What is needed ▸ Extract the line that contains "טישירט מידות גדולות - אדום WORKER" and every line after it to the end of the records below, exactly as written and nothing else.
● ● ● ● ● ● ●
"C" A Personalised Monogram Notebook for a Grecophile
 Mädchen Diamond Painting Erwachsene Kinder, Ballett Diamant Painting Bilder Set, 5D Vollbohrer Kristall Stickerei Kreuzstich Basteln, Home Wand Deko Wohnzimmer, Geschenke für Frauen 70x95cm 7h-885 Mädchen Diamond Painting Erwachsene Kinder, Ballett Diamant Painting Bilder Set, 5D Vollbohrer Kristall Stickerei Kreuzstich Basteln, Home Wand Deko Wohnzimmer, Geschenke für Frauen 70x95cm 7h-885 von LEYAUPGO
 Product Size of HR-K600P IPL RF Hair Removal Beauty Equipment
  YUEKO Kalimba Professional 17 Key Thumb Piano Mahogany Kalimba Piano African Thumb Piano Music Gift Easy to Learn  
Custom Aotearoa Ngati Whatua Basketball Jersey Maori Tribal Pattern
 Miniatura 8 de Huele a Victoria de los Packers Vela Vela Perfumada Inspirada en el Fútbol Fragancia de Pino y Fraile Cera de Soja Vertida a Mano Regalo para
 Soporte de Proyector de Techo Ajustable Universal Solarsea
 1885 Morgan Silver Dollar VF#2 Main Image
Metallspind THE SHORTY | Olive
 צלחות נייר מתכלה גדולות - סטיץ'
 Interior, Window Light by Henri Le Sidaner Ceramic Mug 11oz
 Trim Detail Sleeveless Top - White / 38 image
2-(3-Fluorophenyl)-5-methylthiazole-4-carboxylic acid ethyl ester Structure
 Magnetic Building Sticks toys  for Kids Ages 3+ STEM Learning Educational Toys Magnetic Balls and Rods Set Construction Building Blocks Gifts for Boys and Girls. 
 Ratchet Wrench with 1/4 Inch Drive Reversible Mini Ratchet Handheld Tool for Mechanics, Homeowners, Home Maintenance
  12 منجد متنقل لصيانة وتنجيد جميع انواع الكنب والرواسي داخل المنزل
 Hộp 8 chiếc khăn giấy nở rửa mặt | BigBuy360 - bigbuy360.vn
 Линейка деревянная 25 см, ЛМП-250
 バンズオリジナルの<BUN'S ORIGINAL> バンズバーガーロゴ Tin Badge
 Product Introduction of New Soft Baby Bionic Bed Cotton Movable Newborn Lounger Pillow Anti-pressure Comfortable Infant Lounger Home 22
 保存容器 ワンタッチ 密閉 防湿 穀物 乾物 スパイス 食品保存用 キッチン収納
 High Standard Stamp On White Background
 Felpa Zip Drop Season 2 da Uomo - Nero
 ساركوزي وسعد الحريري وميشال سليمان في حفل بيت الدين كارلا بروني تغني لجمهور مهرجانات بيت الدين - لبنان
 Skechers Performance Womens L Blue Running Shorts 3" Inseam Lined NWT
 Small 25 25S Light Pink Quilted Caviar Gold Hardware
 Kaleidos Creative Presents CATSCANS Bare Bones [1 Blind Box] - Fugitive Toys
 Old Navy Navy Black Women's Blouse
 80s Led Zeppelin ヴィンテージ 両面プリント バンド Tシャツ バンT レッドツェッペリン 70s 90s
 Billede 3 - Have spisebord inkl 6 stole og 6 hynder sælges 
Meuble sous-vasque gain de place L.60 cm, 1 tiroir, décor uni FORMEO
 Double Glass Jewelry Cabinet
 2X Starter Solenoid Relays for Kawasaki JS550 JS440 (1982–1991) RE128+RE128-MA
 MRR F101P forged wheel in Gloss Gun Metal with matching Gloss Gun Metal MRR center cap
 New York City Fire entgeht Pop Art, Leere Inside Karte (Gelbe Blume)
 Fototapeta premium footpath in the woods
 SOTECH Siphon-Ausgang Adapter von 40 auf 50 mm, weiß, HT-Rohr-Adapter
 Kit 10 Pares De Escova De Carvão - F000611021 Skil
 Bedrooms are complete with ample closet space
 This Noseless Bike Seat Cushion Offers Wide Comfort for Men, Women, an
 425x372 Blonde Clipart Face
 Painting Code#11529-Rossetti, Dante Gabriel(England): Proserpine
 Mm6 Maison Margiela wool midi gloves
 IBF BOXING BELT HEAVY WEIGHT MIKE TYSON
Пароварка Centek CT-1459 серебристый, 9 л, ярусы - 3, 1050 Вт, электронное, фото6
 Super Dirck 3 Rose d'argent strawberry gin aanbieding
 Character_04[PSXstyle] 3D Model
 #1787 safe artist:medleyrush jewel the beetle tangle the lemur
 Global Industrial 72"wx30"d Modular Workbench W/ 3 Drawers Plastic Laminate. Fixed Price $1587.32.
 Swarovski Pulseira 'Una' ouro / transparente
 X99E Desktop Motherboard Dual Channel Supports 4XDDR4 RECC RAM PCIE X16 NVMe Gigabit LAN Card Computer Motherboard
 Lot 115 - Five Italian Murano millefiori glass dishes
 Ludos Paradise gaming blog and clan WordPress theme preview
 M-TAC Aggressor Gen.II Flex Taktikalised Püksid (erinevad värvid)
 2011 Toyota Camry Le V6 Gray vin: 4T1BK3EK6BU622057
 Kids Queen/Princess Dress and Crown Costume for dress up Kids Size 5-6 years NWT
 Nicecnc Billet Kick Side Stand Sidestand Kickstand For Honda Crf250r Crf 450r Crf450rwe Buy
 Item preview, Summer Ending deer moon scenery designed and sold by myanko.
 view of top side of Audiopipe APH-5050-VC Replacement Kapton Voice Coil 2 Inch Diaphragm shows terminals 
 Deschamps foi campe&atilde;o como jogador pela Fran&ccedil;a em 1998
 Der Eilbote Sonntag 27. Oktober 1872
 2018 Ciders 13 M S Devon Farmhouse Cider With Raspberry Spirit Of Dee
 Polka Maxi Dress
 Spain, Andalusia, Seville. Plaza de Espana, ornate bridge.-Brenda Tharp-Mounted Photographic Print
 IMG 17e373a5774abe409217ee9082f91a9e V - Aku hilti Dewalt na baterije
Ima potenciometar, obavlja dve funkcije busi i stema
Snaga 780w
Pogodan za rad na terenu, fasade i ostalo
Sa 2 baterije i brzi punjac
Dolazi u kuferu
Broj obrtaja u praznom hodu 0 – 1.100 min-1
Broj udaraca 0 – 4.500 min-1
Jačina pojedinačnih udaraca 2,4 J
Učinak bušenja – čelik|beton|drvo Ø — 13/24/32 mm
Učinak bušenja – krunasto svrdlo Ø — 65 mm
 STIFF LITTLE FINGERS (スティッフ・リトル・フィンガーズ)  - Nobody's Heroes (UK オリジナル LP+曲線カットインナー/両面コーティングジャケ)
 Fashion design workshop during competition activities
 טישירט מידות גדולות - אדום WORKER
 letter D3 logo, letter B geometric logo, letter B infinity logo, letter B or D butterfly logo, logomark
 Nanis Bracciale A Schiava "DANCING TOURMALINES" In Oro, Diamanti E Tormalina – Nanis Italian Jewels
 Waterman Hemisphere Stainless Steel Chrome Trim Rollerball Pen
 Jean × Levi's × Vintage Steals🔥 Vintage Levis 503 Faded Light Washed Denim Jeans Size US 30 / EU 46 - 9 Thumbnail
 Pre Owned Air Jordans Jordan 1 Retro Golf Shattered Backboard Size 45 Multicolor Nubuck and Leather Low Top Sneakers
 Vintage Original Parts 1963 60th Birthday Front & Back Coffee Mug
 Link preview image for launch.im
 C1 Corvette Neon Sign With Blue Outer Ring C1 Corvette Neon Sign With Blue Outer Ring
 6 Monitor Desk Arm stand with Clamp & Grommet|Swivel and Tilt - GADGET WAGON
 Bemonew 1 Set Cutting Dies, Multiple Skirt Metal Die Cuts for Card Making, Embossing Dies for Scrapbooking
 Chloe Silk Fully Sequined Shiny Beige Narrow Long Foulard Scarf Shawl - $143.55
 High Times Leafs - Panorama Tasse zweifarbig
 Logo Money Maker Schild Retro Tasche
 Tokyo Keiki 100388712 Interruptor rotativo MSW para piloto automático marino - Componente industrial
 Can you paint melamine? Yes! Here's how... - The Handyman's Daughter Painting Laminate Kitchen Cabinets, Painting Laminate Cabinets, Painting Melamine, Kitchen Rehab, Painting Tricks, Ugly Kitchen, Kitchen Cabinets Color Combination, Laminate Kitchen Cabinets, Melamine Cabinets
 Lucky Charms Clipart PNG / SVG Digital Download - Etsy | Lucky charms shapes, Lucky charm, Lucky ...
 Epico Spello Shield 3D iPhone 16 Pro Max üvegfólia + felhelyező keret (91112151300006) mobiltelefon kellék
● ● ● ● ● ● ●
Task answer ▸
 טישירט מידות גדולות - אדום WORKER
 letter D3 logo, letter B geometric logo, letter B infinity logo, letter B or D butterfly logo, logomark
 Nanis Bracciale A Schiava "DANCING TOURMALINES" In Oro, Diamanti E Tormalina – Nanis Italian Jewels
 Waterman Hemisphere Stainless Steel Chrome Trim Rollerball Pen
 Jean × Levi's × Vintage Steals🔥 Vintage Levis 503 Faded Light Washed Denim Jeans Size US 30 / EU 46 - 9 Thumbnail
 Pre Owned Air Jordans Jordan 1 Retro Golf Shattered Backboard Size 45 Multicolor Nubuck and Leather Low Top Sneakers
 Vintage Original Parts 1963 60th Birthday Front & Back Coffee Mug
 Link preview image for launch.im
 C1 Corvette Neon Sign With Blue Outer Ring C1 Corvette Neon Sign With Blue Outer Ring
 6 Monitor Desk Arm stand with Clamp & Grommet|Swivel and Tilt - GADGET WAGON
 Bemonew 1 Set Cutting Dies, Multiple Skirt Metal Die Cuts for Card Making, Embossing Dies for Scrapbooking
 Chloe Silk Fully Sequined Shiny Beige Narrow Long Foulard Scarf Shawl - $143.55
 High Times Leafs - Panorama Tasse zweifarbig
 Logo Money Maker Schild Retro Tasche
 Tokyo Keiki 100388712 Interruptor rotativo MSW para piloto automático marino - Componente industrial
 Can you paint melamine? Yes! Here's how... - The Handyman's Daughter Painting Laminate Kitchen Cabinets, Painting Laminate Cabinets, Painting Melamine, Kitchen Rehab, Painting Tricks, Ugly Kitchen, Kitchen Cabinets Color Combination, Laminate Kitchen Cabinets, Melamine Cabinets
 Lucky Charms Clipart PNG / SVG Digital Download - Etsy | Lucky charms shapes, Lucky charm, Lucky ...
 Epico Spello Shield 3D iPhone 16 Pro Max üvegfólia + felhelyező keret (91112151300006) mobiltelefon kellék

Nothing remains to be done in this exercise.